» **WHAT THE TASK ASKS**: An identical copy of all the records is what the answer must contain.

Web page caption snippets
>>>>>
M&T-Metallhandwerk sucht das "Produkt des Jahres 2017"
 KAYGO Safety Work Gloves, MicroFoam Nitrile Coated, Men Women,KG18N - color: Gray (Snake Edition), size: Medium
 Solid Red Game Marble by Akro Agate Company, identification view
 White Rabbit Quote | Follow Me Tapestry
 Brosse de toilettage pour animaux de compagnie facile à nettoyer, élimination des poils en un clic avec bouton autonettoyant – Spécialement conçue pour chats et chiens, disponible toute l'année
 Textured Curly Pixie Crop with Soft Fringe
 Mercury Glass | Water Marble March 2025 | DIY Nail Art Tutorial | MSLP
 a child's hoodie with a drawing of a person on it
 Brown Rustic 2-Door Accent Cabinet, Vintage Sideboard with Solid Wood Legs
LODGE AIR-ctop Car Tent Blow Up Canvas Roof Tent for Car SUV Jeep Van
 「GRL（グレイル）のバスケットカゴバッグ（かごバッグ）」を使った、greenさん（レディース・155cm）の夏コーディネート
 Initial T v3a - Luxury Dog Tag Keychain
<<<<<
» **ANSWER SPACE**:
M&T-Metallhandwerk sucht das "Produkt des Jahres 2017"
 KAYGO Safety Work Gloves, MicroFoam Nitrile Coated, Men Women,KG18N - color: Gray (Snake Edition), size: Medium
 Solid Red Game Marble by Akro Agate Company, identification view
 White Rabbit Quote | Follow Me Tapestry
 Brosse de toilettage pour animaux de compagnie facile à nettoyer, élimination des poils en un clic avec bouton autonettoyant – Spécialement conçue pour chats et chiens, disponible toute l'année
 Textured Curly Pixie Crop with Soft Fringe
 Mercury Glass | Water Marble March 2025 | DIY Nail Art Tutorial | MSLP
 a child's hoodie with a drawing of a person on it
 Brown Rustic 2-Door Accent Cabinet, Vintage Sideboard with Solid Wood Legs
LODGE AIR-ctop Car Tent Blow Up Canvas Roof Tent for Car SUV Jeep Van
 「GRL（グレイル）のバスケットカゴバッグ（かごバッグ）」を使った、greenさん（レディース・155cm）の夏コーディネート
 Initial T v3a - Luxury Dog Tag Keychain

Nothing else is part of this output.